【司法書士監修】遺言書は認知症でも作成できるか|有効無効を争う方法も解説
「認知症の母親でも遺言書は作れるか?」「認知症だった父が書いた遺言書は有効なのか?」は、当事務所に多い相談の一つです。あなたも同じ悩みを持っていますか?
認知症の方が法的に有効な遺言書を残すことは可能なのでしょうか。あなたの両親が遺言書を残したいと相談してきたら、あなたはどうすれば良いのでしょう。
このページでは創業20年、地域随一の相続専門の司法書士事務所が「【司法書士監修】遺言書は認知症でも作成できるか|有効無効を争う方法も解説」と題して、今まさに相続問題でお困りのあなたの疑問にお答えします。
このページを見れば『認知症(の疑いがある場合を含む)の両親から遺言書を書きたいと相談を受けた場合』や『認知症(の疑いがある場合を含む)の方が書いた遺言書を発見した場合』の具体的な対策・対処方法や注意点ついて、これまでの疑問点がスッキリ解決すると思います。
このページは「遺言・認知症」などのキーワードで様々なサイトを検索・調査し、不安になっているすべての相続人・その家族に向けたものです。ご参考になれば幸いです。
認知症の方でも遺言書は作れる
認知症の方でも遺言書は作れます。作れないという法律はそもそもありません。ただし、認知症の程度の問題はありますし、作り方・作成方法(手書き自筆で作るか公証役場で作るか)の問題もありますので、順に解説していきます。
遺言書は本人が作成するもの、家族が本人に代わって書くことはできない
「遺言書(遺書とも言いますが法的な意味は同じです)は本人の最終の意思」とも法律上は言われています。
本人の「自分が死んだあとはこうしてほしい」という願いが書かれている文書であるためです。
ですから、遺言書は本人の意思に基づいて作成されたものでなければならないし、本人自身が作ったものである必要があります。
したがって、家族が本人の代わりに代筆して書いたり、本人から頼まれてもないのに公証役場に連れて行って遺言書を作らせるようなことはできません。
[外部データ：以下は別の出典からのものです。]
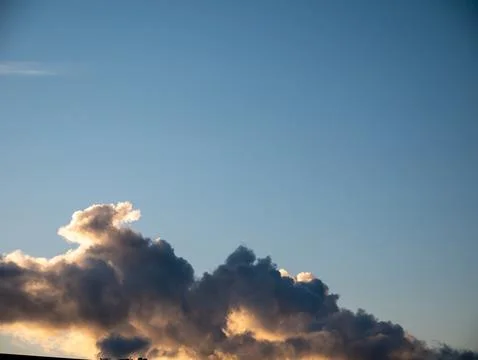 Dramatic clouds in blue evening sky Foto stock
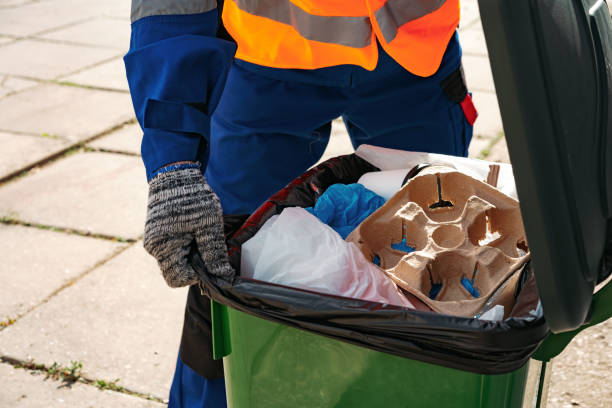 Best Yard Waste Removal  in Howell, MI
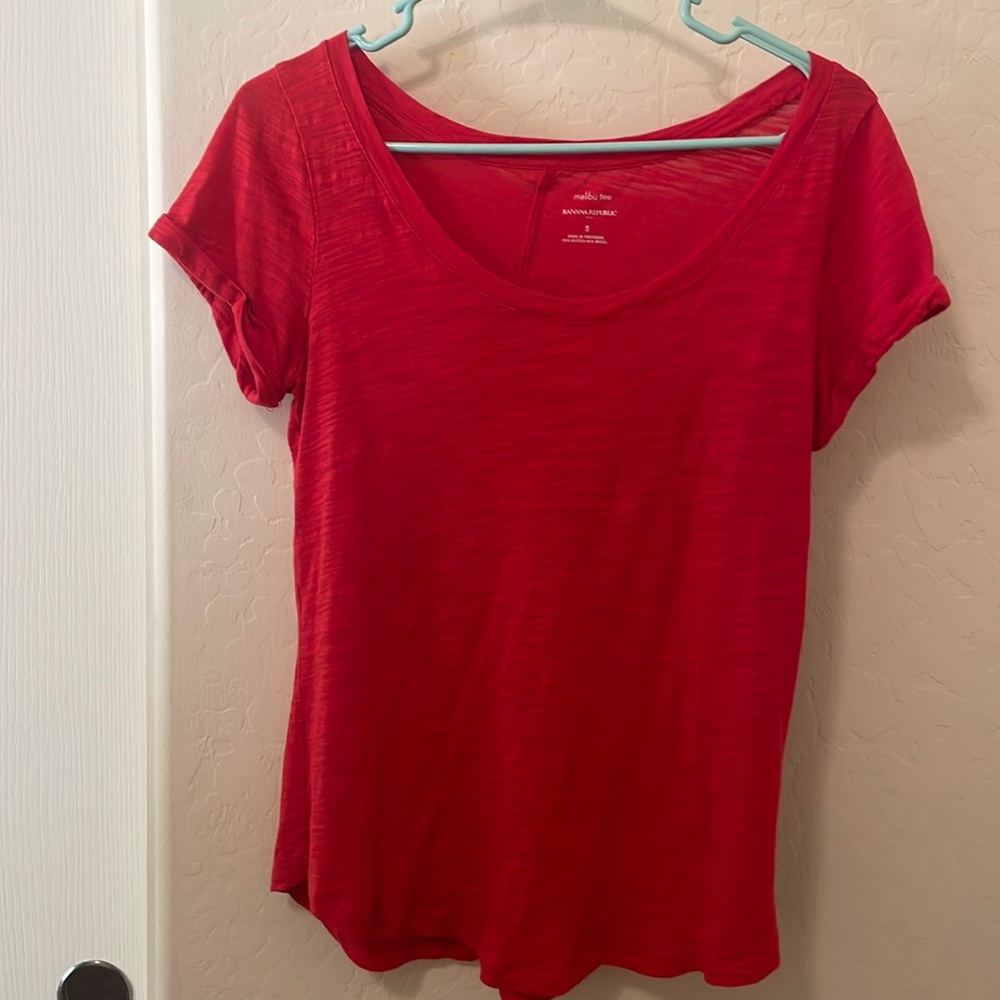 Women’s Red Banana Republic Malibu tee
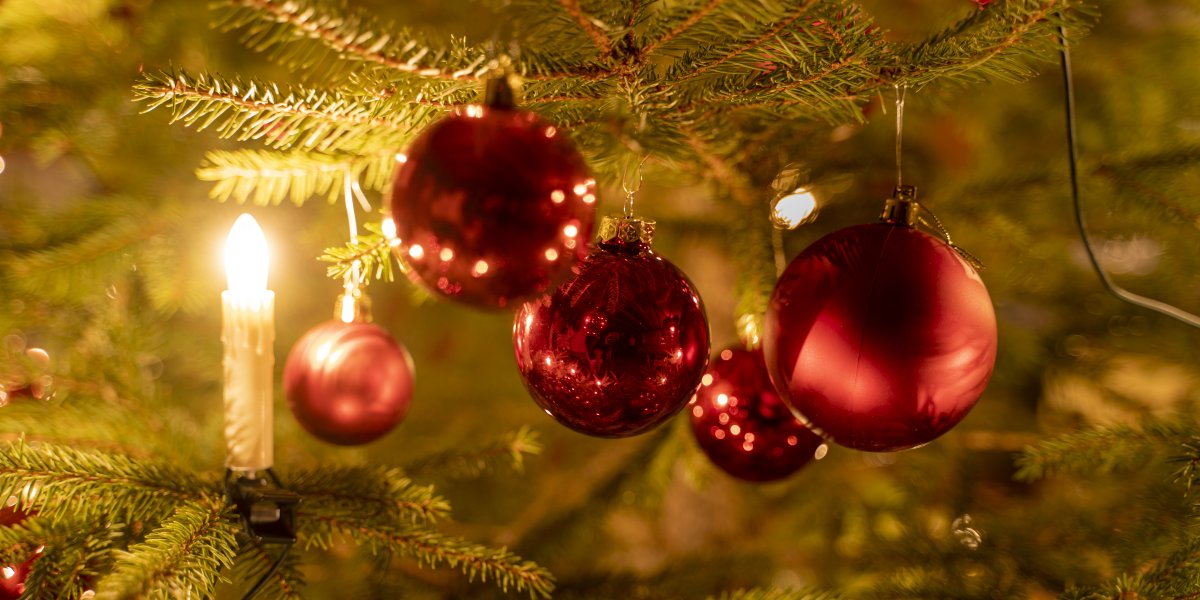 Christbaumkugeln am Weihnachtsbaum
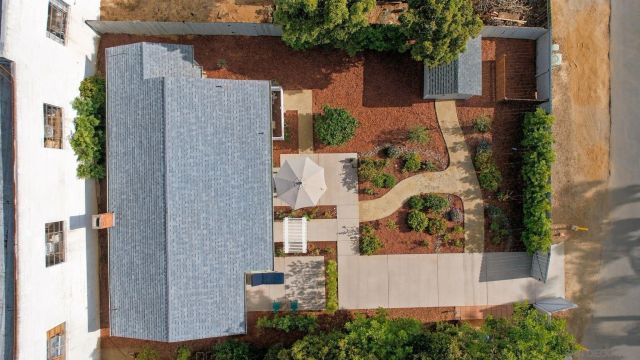 312 N Acacia Ave, Solana Beach, CA 92075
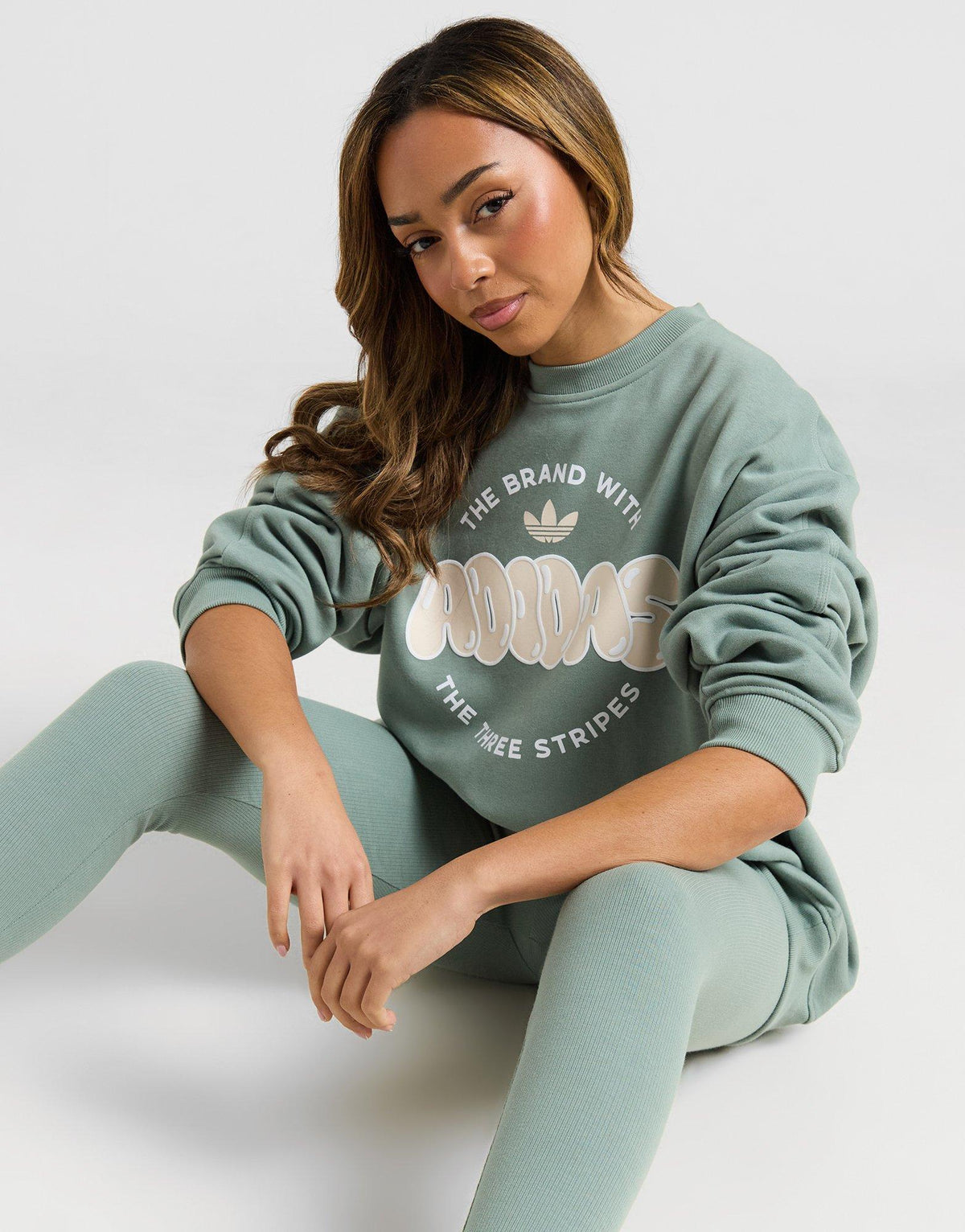 Circle Graphic Crew Sweatshirt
遺言書はあくまで本人自身が作成するものですから、「家族の代理」とかは無関係ということです。
認知症の程度もひとそれぞれ、本人に遺言を作るだけの能力があるかがポイント
認知症と言ってもその進行状況・症状の程度はひとそれぞれです。正式に医師から診断されている場合もあるでしょうし、正式な医師の診断は出ておらず、家族からみて「最近ちょっと様子がおかしいかな」という程度の場合も多くあります。
いずれの場合も、まずは本人に遺言書を作成できるだけの能力があるかどうかがポイントとなります。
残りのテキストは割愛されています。